Bisnis.com, JAKARTA – Indeks Harga Saham Gabungan atau IHSG berpeluang untuk konsolidasi pada perdagangan pekan depan meskipun pasar masih mencermati perkembangan kondisi global terutama perang dagang dan kemungkinan resesi.
Hans Kwee, Direktur PT Anugerah Mega Investama, menjelaskan pekan depan pasar masih diwarnai tentang kepastian pemotongan tarif menjelang kesepekatan perang dagang fase pertama.
Dia menyebutkan bahwa juru bicara Kementerian Perdagangan China dan pejabat Amerika Serikat mengatakan kedua negara telah sepakat untuk membatalkan beberapa tarif dan lebih dekat dengan perjanjian perdagangan "fase pertama".
Namun, kata Hans, rencana ini dikabarkan menghadapi pertentangan di internal Gedung Putih. Presiden AS Donald Trump dalam sambutannya kepada wartawan di Gedung Putih menggemukakan dia belum setuju penundaan tarif impor yang dituntut oleh China.
"Sebenarnya masalah yang dibicarakan kedua negara kami perkirakan fokus pada perlindungan kekayaan intelektual, manipulasi mata uang, dan neraca perdagangan," ujar Hans kepada Bisnis pada Sabtu (8/11/2019).
Pada awal pekan pasar sempat melemah setelah ada laporan yang menyebutkan Presiden Donald Trump dan pemimpin China Xi Jinping kemungkinan tidak akan bertemu untuk menandatangani kesepakatan perdagangan sampai Desember.
Pertemuan antara Trump dan Xi dapat ditunda karena kedua belah pihak masih perlu memutuskan sejumlah persyaratan dan tempat untuk melakukan pertemuan.
Hans mengatakan China menginginkan AS menghapus lebih banyak tarif impor senilai US$125 miliar yang dikenakan pada September sebagai bagian dari kesepakatan perdagangan fase pertama. "Hal ini yang masih belum dapat di sepakati Trump," ujarnya.

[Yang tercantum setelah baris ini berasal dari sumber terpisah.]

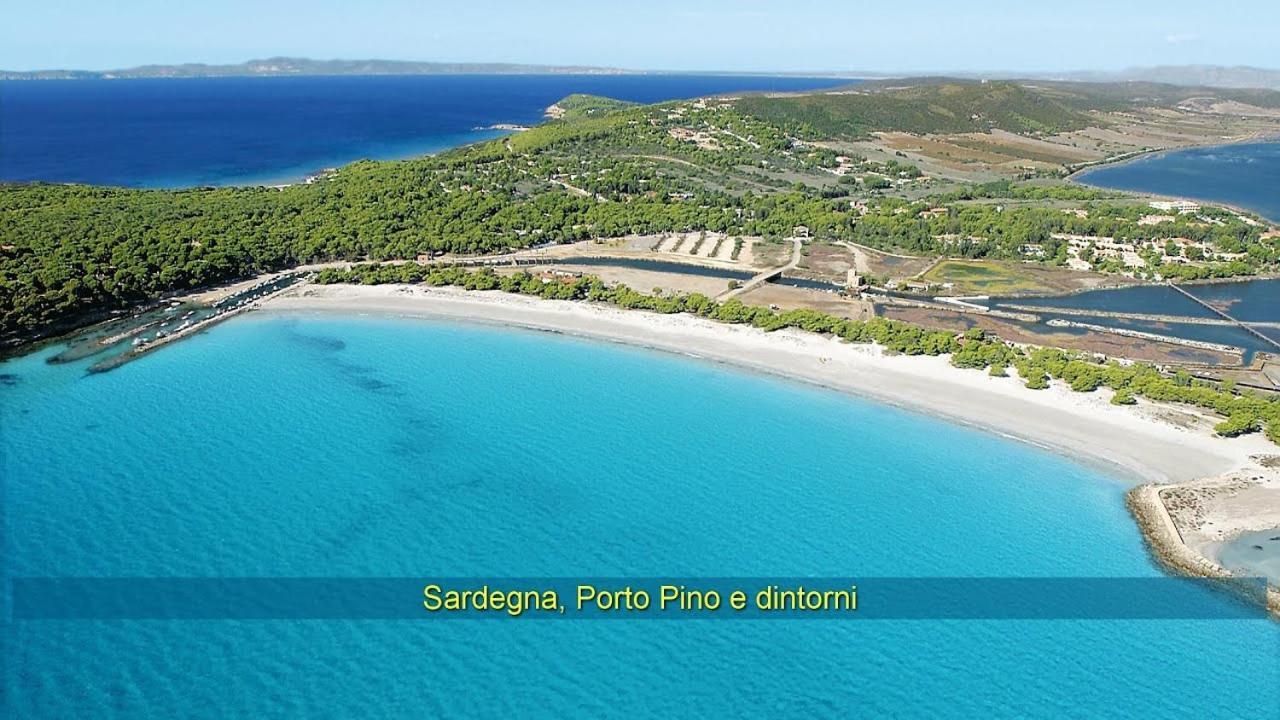 Domos Le Due Tuie Bed & Breakfast Piscinas Eksteriør bilde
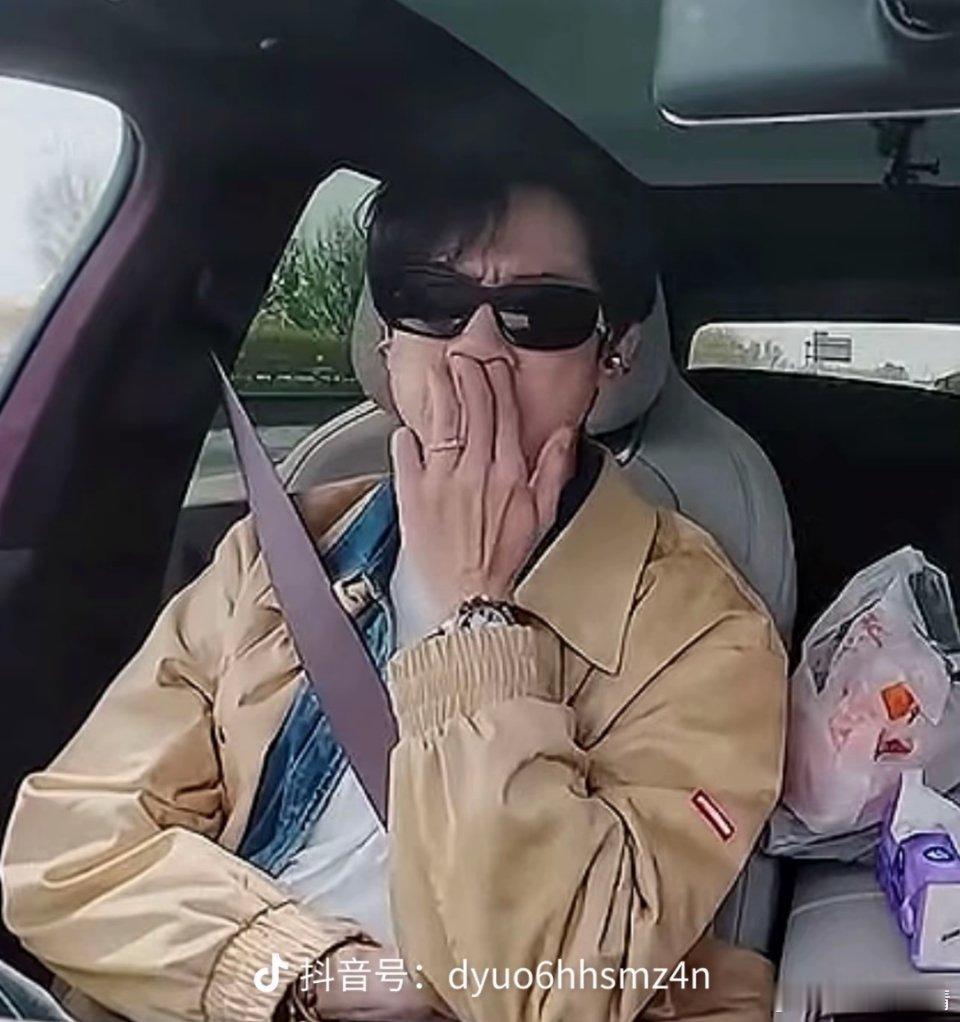 董璇给张维伊的亲戚都买了金子网友说不用心疼姐姐了，她可能真的有恋丑症…… ​​​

Selain itu, kata Hans, ekonom PBB mengatakan perang perdagangan China-AS adalah situasi yang merugikan kedua negara dan dunia. Perang dagang di perkirakan menelan biaya US$35 miliar bagi China pada paruh pertama tahun ini.
Sementara itu, konsumen dan perusahaan AS menanggung beban terberat dari tarif yang lebih mahal. "Berangkat dari hal ini, kami perkirakaan AS dan China akan terus berusahan mencari solusi masalah perdagangan kedua negara."
Di sisi lain, lan jut Hans, Bank of England memutuskan untuk mempertahankan suku bunga stabil di posisi 0,75%, tetapi beberapa pejabat, termasuk Gubernur Mark Carney, mengatakan akan mempertimbangkan penurunan jika hambatan global dan masalah Brexit tidak berkurang.
Pelonggaran moneter ke depan dinilai akan mendorong pasar keuangan bergerak positif.
Adapun Dana Moneter Internasional (IMF) mengatakan pertumbuhan ekonomi zona euro akan melambat lebih dari perkiraan karena krisis manufaktur dapat meluas ke sektor jasa akibat ketegangan perdagangan global.
Rilis indeks aktivitas sektor jasa Jerman hampir tidak tumbuh pada Oktober, sementara aktivitas bisnis zona euro berkembang sedikit lebih cepat dari ekspektasi, tapi tetap dekat dengan zona stagnasi.
"Zona Euro berisiko mengalami perlambatan ekonomi membuat pasar modal kawasaran tersebut cenderung tertekan," kata Hans.
Adapun dari domestik, data cadangan devisa naik menjadi US$126,7 miliar, dari sebelumnya US$124,3 miliar. "Kenaikan cadangan devisa merupakan indikasi positif bagi perekonomian."
Selain itu, Badan Pusat Statistik (BPS) mengumumkan pertumbuhan ekonomi RI di periode tersebut sebesar 5,02 persen. Angka ini melampaui perkiraan konsensus para analis sebesar 5 persen. Data ekonomi Indonesia masih positif.
Hans mengatakan data Indonesia masih cukup baik, tetapi pasar akan berhati-hati menanti perkembangan perang dagang dan peluang ekonomi dunia memasuki periode resesi.
"IHSG kami perkirakan berpeluang konsolidasi menguat dengan support di level 6.139 sampai 6.100 dan resistance di level 6.200 sampai 6.240," jelasnya.